Thanks
Richard
On 4/7/06, Nish Aravamudan <nish.aravamudan@xxxxxxxxx> wrote:
On 4/7/06, Richard <judicator3@xxxxxxxxx> wrote:
> I have a general question about how the kernel wakes up a blocking
> system call when a signal is received. For example blocking sleep or
> select. According to the man pages, sleep should deschedule the process
> for a certain amount of time. The process could also be prematurely
> woken up by a signal and in that case, the kernel returns the value of
> EINTR. I have looked at the kernel source code and it seems that signals
> could be somewhat lost. That is the user does sleep() or select(), a
> signal is received but yet the signal is lost and the process remains
> descheduled. In the case of sleep, the process would sleep for the
> amount of time and select could possibly be blocked forever.
>
> The kernel source code for sys_nanosleep is very simple, it is found in
> the file kernel/timer.c and involves two short functions sys_nanosleep
> () and schedule_timeout(). The simplified pseudocode is as follows:
>
> 1 sys_nanosleep()
> 2 {
> 3 Get user arguments
> 4 Calculate time in future when the process has to wakeup
> 5 set state of process to TASK_INTERRUPTIBLE
> 6 set timer
> 7 schedule()
> 8
> 8 if (woken up by timer)
> 9 return 0
> 10 else
> 11 return EINTR
> 12 }
>
> When process A sends a signal to process B. The following happens if the
> signal is not ignored:
> - Process A sets the SIGPENDING flag of process B
> - Process A calls wake_up_process() to set the state of process to
> TASK_RUNNING.
>
> So in normal case, process B wakes up and starts executing on line 8
> above. sys_nanosleep() returns to user-space. When returning to user-
> space the code in entry.S gets executed which checks for SIGPENDING flag
> and possibly calls the appropriate signal handler in user-space.
>
> The issue I have is that a signal could be lost for sys_nanosleep if
> wake_up_process() is called before line 5.
I'm not a schedule expert, but I think schedule() takes care of this case.

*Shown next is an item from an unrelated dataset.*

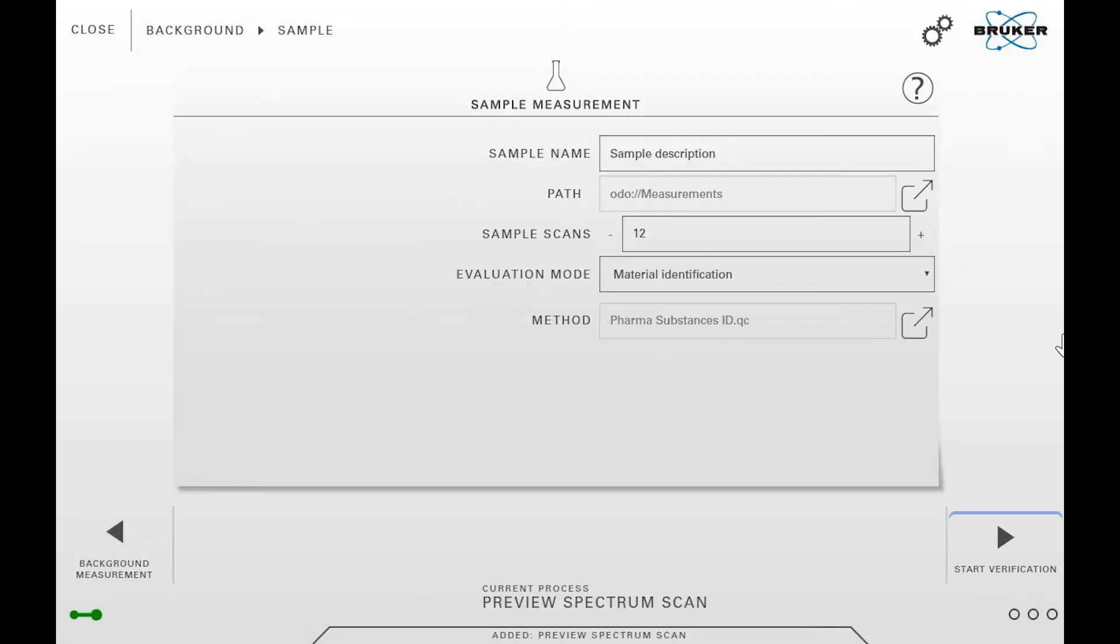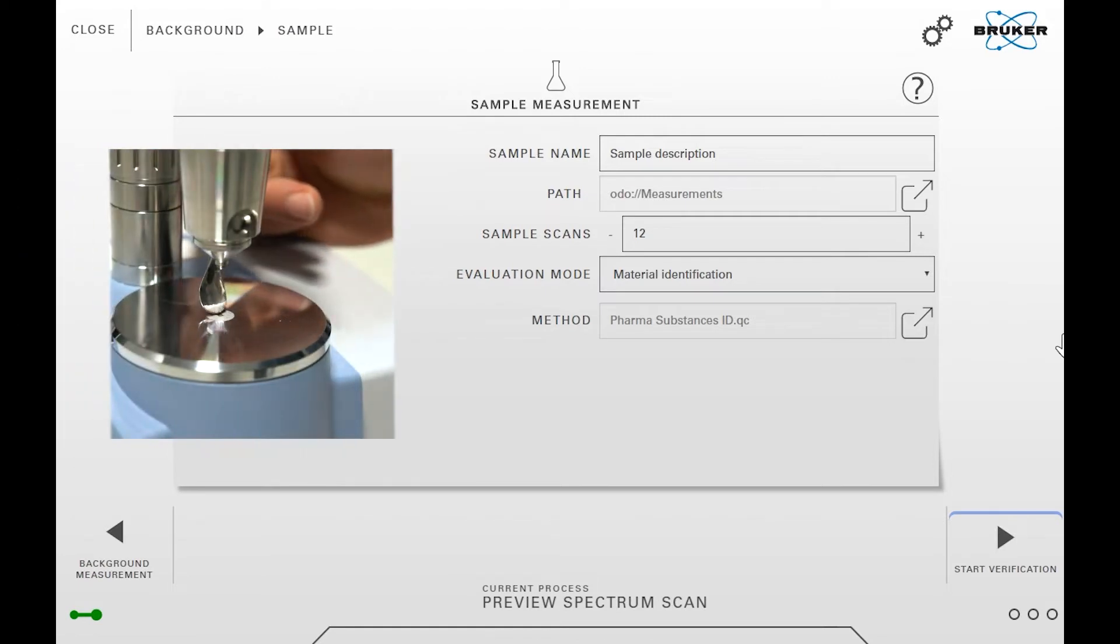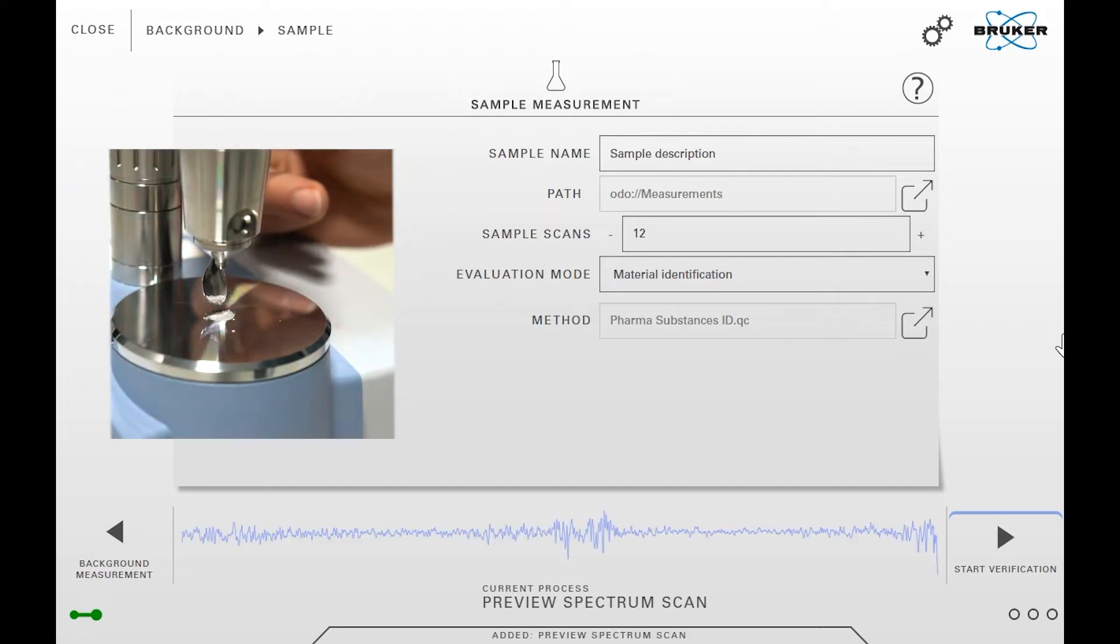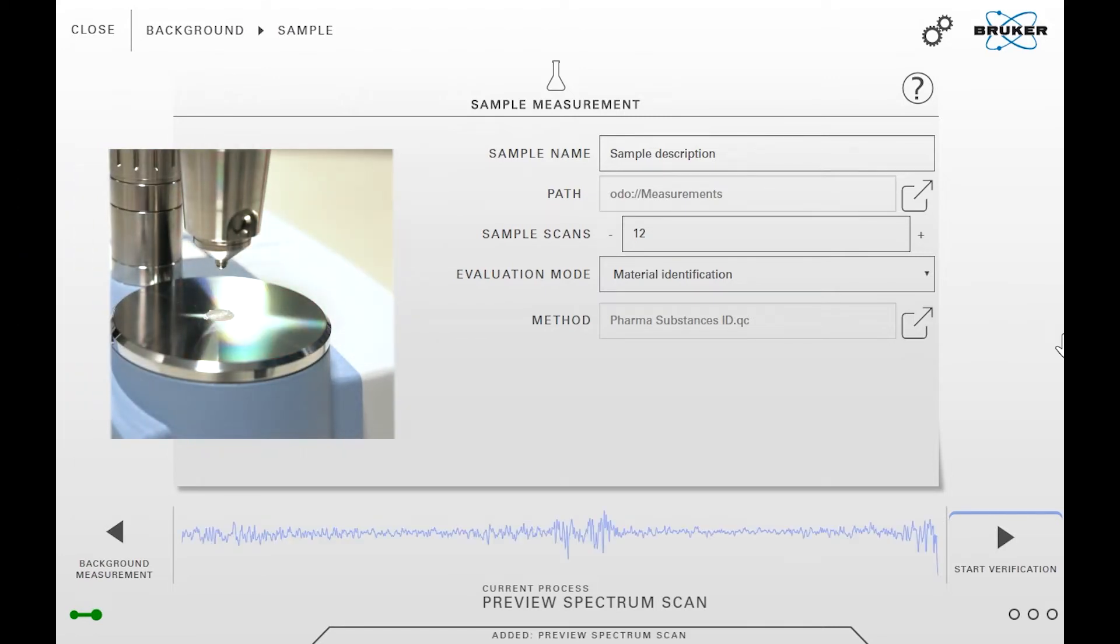When the background measurement is complete, place the sample on the crystal and apply pressure if needed.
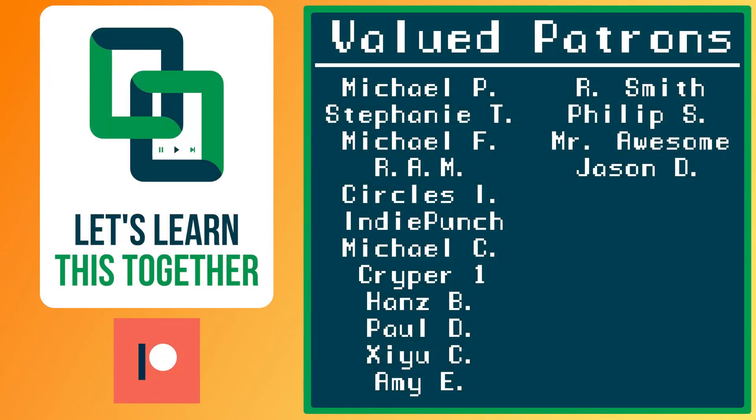A huge thank you to all of the awesome people who support me over on Patreon. Their names are on the screen now, and every dollar pledged helps me create more awesome content. You can support me for as little as one dollar a month and get access to exclusive perks like my Discord server, your name in the credits, early access to my YouTube videos and courses, and more. Check it out at patreon.com/letslearnthistogether, or find the link in the description below and become a patron today.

If we get a signal, I believe signal_pending(current) will be true
(TIF_SIGPENDING is set, as you mention).
In schedule(), which is called by schedule_timeout() (and
schedule_hrtimer() in more recent kernels), we have
if (unlikely((prev->state & TASK_INTERRUPTIBLE) &&
unlikely(signal_pending(prev))))
prev->state = TASK_RUNNING;
Which (I think) says if we are now in TASK_INTERRUPTIBLE and prev has
any signals pending, then we set prev's state back to RUNNING. I
believe this means we won't sleep at all for this task (but we may not
run again right away, I'm not sure). Whenever this task gets run
again, though, it will return directly to schedule_timeout() and
return back to sys_nanosleep(), where we'll return
ERESTART_RESTARTBLOCK, if there's any time leftover to sleep for, else
0.
Does that seem right?
Thanks,
Nish